## MATERIAL FOR THIS EXERCISE
=== Section Start ===

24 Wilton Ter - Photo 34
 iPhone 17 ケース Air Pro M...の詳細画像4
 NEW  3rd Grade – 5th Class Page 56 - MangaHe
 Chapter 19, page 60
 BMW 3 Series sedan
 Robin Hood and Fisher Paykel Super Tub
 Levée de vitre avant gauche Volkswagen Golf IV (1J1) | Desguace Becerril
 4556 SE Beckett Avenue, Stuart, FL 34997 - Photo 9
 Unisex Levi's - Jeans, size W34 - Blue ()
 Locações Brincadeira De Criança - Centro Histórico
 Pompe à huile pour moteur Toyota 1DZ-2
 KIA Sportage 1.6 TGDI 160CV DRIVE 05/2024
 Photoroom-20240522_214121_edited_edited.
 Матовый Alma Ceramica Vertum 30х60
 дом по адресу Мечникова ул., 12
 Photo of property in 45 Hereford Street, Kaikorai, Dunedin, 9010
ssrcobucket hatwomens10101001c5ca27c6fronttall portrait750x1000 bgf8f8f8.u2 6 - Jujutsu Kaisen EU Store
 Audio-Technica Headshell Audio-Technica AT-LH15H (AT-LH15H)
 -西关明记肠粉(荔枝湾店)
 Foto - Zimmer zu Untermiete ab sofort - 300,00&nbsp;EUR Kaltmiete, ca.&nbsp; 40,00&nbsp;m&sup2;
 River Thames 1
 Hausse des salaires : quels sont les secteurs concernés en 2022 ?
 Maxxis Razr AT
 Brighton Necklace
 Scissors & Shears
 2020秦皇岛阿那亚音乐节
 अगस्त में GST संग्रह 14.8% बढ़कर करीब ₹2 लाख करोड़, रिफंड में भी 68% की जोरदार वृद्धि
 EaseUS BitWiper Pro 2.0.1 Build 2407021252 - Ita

=== Section End ===

Write out all the data exactly.

## ANSWER SECTION
24 Wilton Ter - Photo 34
 iPhone 17 ケース Air Pro M...の詳細画像4
 NEW  3rd Grade – 5th Class Page 56 - MangaHe
 Chapter 19, page 60
 BMW 3 Series sedan
 Robin Hood and Fisher Paykel Super Tub
 Levée de vitre avant gauche Volkswagen Golf IV (1J1) | Desguace Becerril
 4556 SE Beckett Avenue, Stuart, FL 34997 - Photo 9
 Unisex Levi's - Jeans, size W34 - Blue ()
 Locações Brincadeira De Criança - Centro Histórico
 Pompe à huile pour moteur Toyota 1DZ-2
 KIA Sportage 1.6 TGDI 160CV DRIVE 05/2024
 Photoroom-20240522_214121_edited_edited.
 Матовый Alma Ceramica Vertum 30х60
 дом по адресу Мечникова ул., 12
 Photo of property in 45 Hereford Street, Kaikorai, Dunedin, 9010
ssrcobucket hatwomens10101001c5ca27c6fronttall portrait750x1000 bgf8f8f8.u2 6 - Jujutsu Kaisen EU Store
 Audio-Technica Headshell Audio-Technica AT-LH15H (AT-LH15H)
 -西关明记肠粉(荔枝湾店)
 Foto - Zimmer zu Untermiete ab sofort - 300,00&nbsp;EUR Kaltmiete, ca.&nbsp; 40,00&nbsp;m&sup2;
 River Thames 1
 Hausse des salaires : quels sont les secteurs concernés en 2022 ?
 Maxxis Razr AT
 Brighton Necklace
 Scissors & Shears
 2020秦皇岛阿那亚音乐节
 अगस्त में GST संग्रह 14.8% बढ़कर करीब ₹2 लाख करोड़, रिफंड में भी 68% की जोरदार वृद्धि
 EaseUS BitWiper Pro 2.0.1 Build 2407021252 - Ita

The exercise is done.